Interscale energy transfer in turbulent axisymmetric wakes

Turbulent wakes behind bodies are ubiquitous - from engineering applications to geophysical flows. Classical theory predicts a self-similar solution of the axisymmetric wake with a single power-law scaling for the defect velocity U_d and half-width L. However, experimental and, more recently, numerical evidence has accumulated for self-similar evolution with non-classical power laws for defect velocity and wake width as well as non-equilibrium scaling of dissipation. This self-similar state is established much earlier than the loss of memory of the wake generator, a requirement for the classical ‘sufficiently far’ wake.
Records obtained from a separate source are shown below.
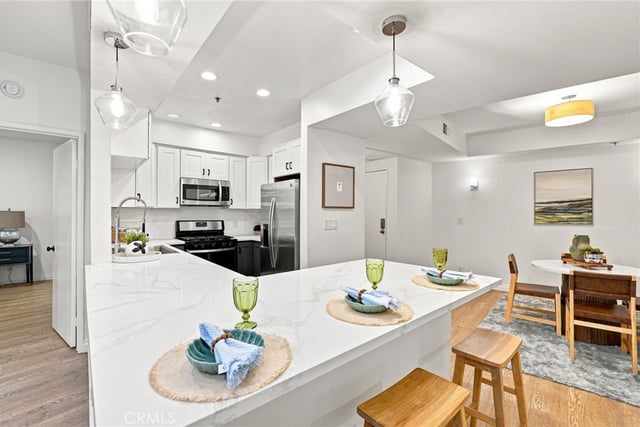 2222 N Beachwood Drive 105, Los Angeles, CA 90068 — photo 7 of 40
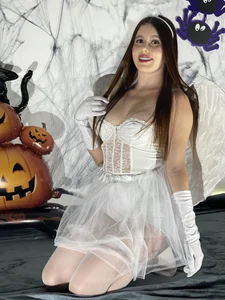ParisShayk HAPPY HALLOWEEN Pic 5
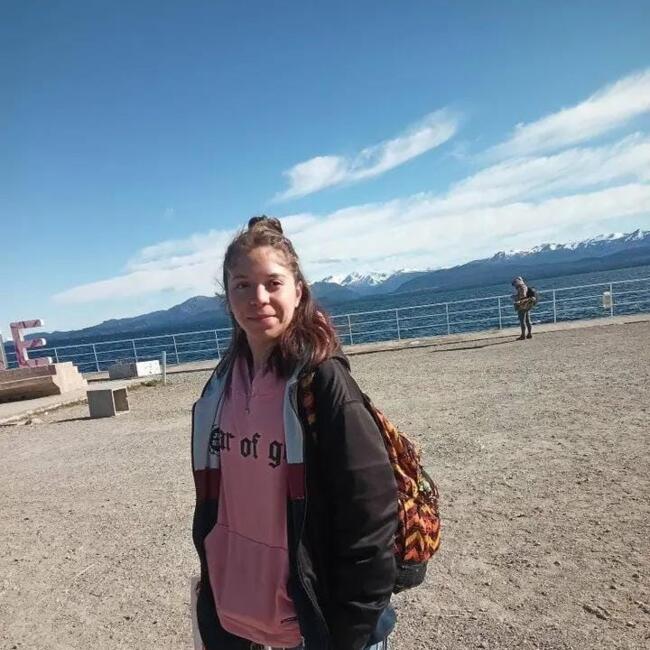 Babysitter in Rosario: Miki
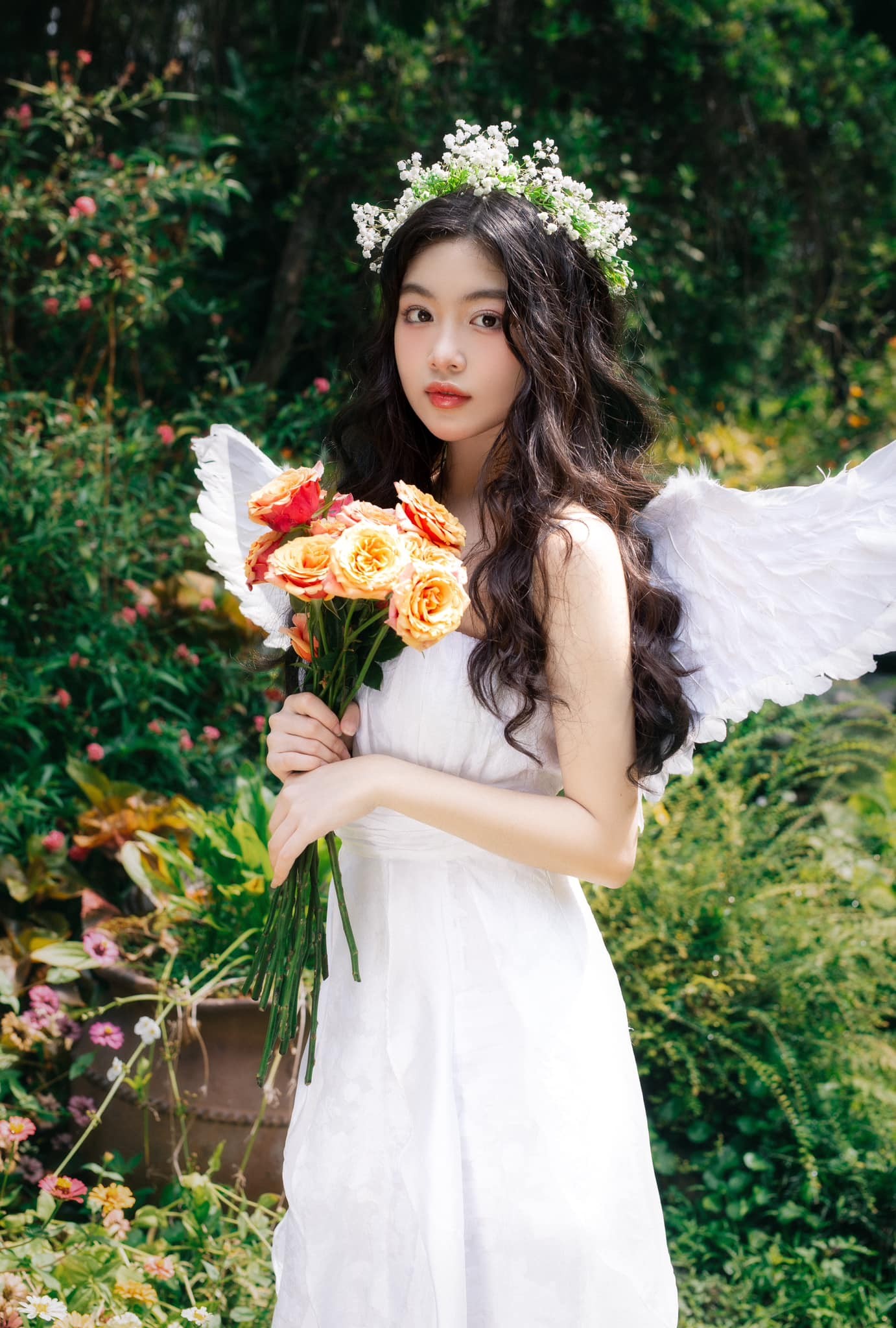 Lọ Lem nhà MC Quyền Linh ngày càng xinh đẹp, cuốn hút khi bước sang tuổi 18 - Ảnh 4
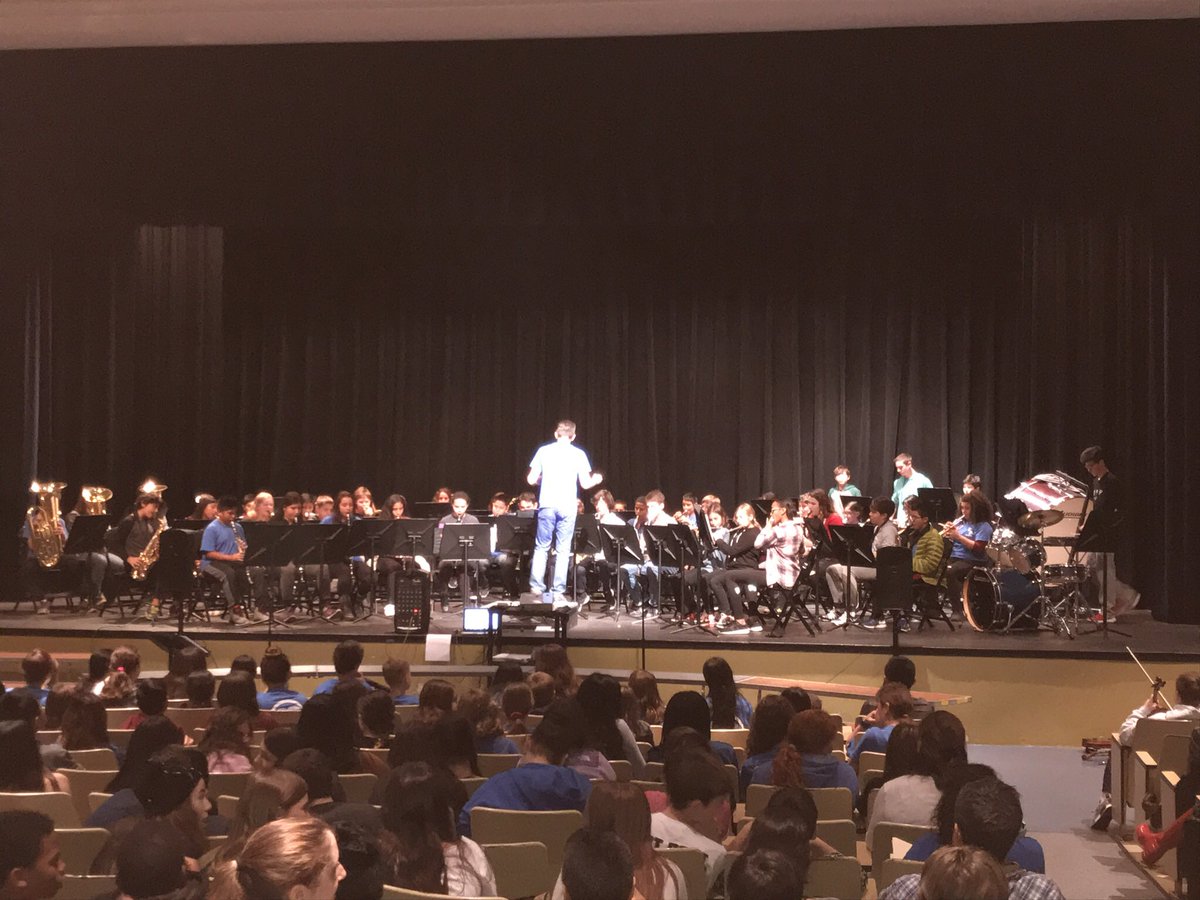 So impressed by @ElmPlaceSchool band, chorus, and orchestra students’ performance with guest hip hop artists! #112pride @edukenssd112 <a href="/CPelleLucci/">Caitlin Lucci</a>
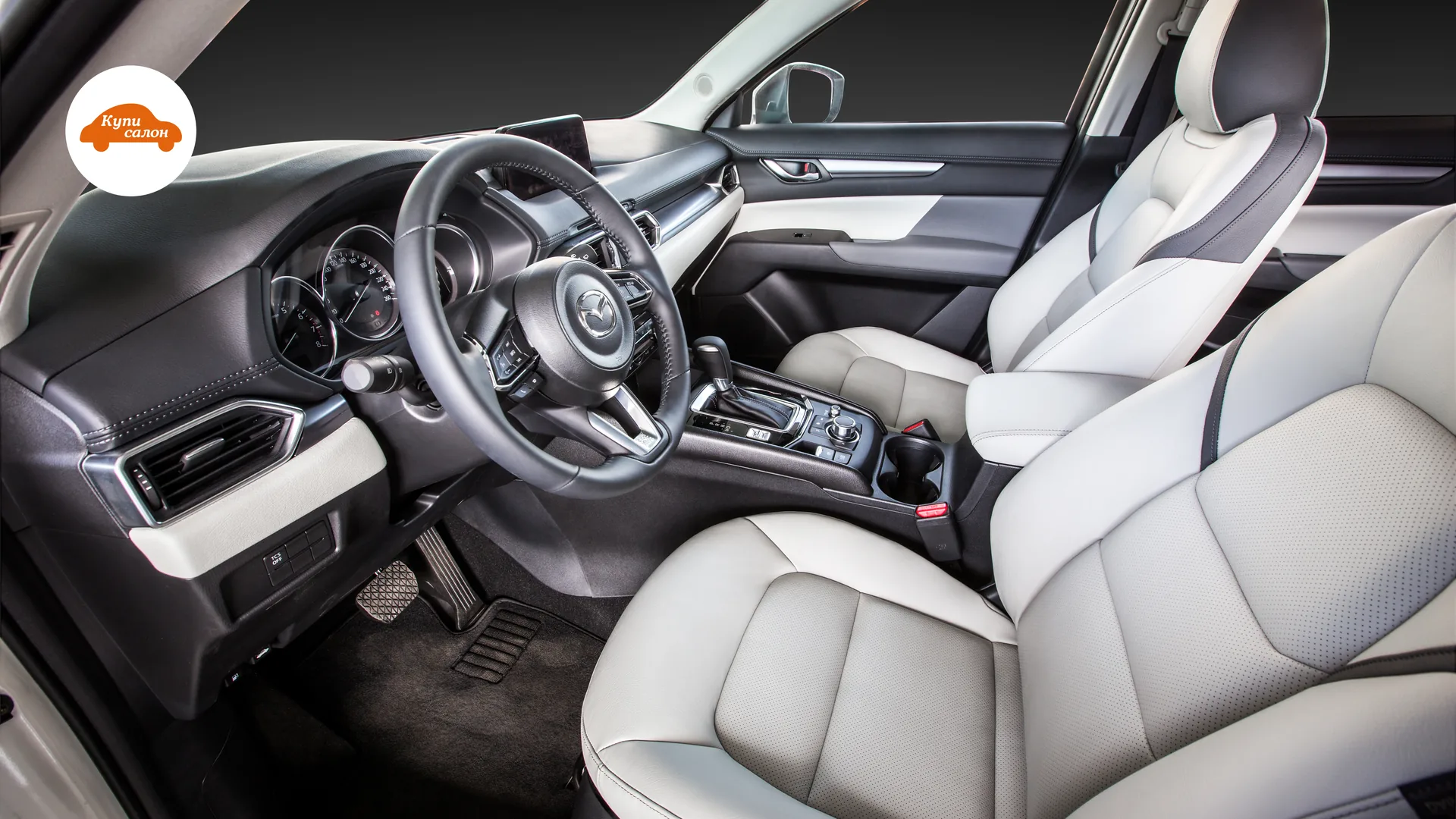 Перетяжка сидений Mazda CX-5 — общий вид переднего салона со стороны водителя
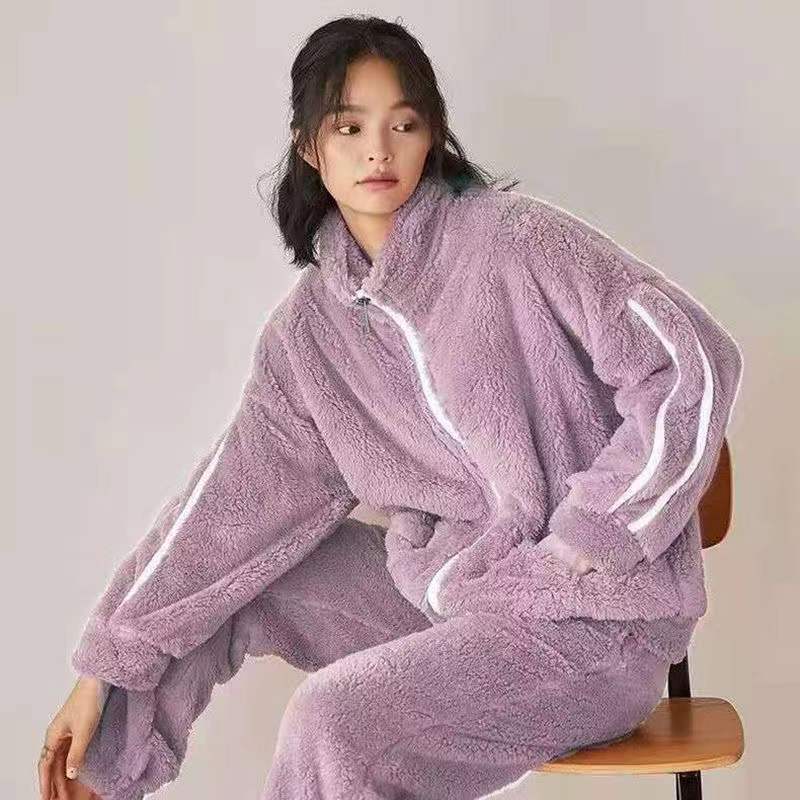 Photo d'une femme asiatique, assise, portant un ensemble sportswear en pilou pilou violet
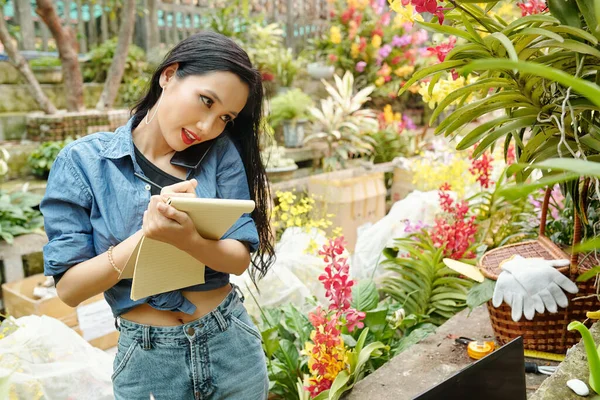 Vrij Positieve Vietnamese Bloemenkwekerij Eigenaar Praten Telefoon Met Klant Het — Stockfoto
Large-scale coherent structures (CS) are found to persist from the near to the far wake (x/D = O(100)), coinciding with the range that non-classical scalings are observed. An example is the vortex-shedding mode at St = fD/U = 0.135 in the present disk wake at Re = UD/ν = 50 000. Here, U is the free-stream velocity, D is the disk diameter, ν is the kinematic viscosity, and f is the temporal frequency. The imprint of the CS on the interscale energy transfer is assessed as follows. A triple decomposition divides the velocity into the mean, large-scale, and small-scale components through spectral filtering, and the interscale energy transfer rate between these two components is evaluated and compared to other terms in the energy balance of each component. Implications are drawn for the energy-cascade picture that the interscale energy transfer rate is balanced by molecular dissipation at the small scales.